Une fresque.
Julia Latynina est journaliste. Russe. Une carte d’identité en forme d’oxymore. Faire son travail de journaliste d’investigation dans la Fédération de Russie est un combat contre la mort. L’assassinat de journalistes femmes semble être un sport national. Pas seulement dans la Fédération de Russie même si celui de Anna Politovskaïa, le 7 octobre 2006 est encore dans toutes les mémoires. Elle écrira, dans « La Russie selon Poutine », « Pourquoi je n’aime pas Poutine ? Parce qu’il n’aime pas son peuple, parce qu’il se comporte dans la plus pure tradition du KGB dont il est issu, avec un cynisme inégalable. » Cette animosité à l’égard du Président de la Fédération de Russie est partagée.
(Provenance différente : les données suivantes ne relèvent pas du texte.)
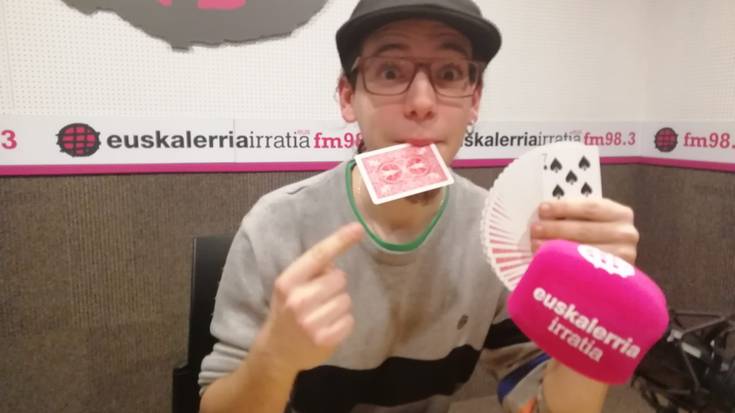 MAGIA IKUSKIZUNA: Itzal magoa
On ne sait avec précision si son assassinat est directement lié avec ses enquêtes mais il existe un faisceau de présomptions…
Julia Latynina a choisi la fiction pour faire son travail de journaliste. A la suite des enquêtes de Politovskaïa justement, « Tchétchénie, le déshonneur russe » – traduit en français dans la collection Folio/documents avec une belle couverture rouge ! -, elle a voulu brosser une sorte de portrait du Caucase, contrée objet de toutes les convoitises en fonction de ses richesses naturelles. Elle ne se contente pas de décrire, elle livre en même temps un « vrai » roman, avec un talent d’écriture qui oblige le lecteur à s’intéresser à ces personnages ballottés par les événements, par ce monde incertain qui ne répond qu’à des intérêts matériels puissants. Les individus ne sont que des fétus de paille.
Pourtant, les femmes – ici une Tchétchène – savent résister et entraîner les hommes, plus fragiles dans un combat perdu d’avance. Mais qu’il faut mener. Pour exister. Pour être un être humain et non pas une machine au service d’on ne sait quel despote.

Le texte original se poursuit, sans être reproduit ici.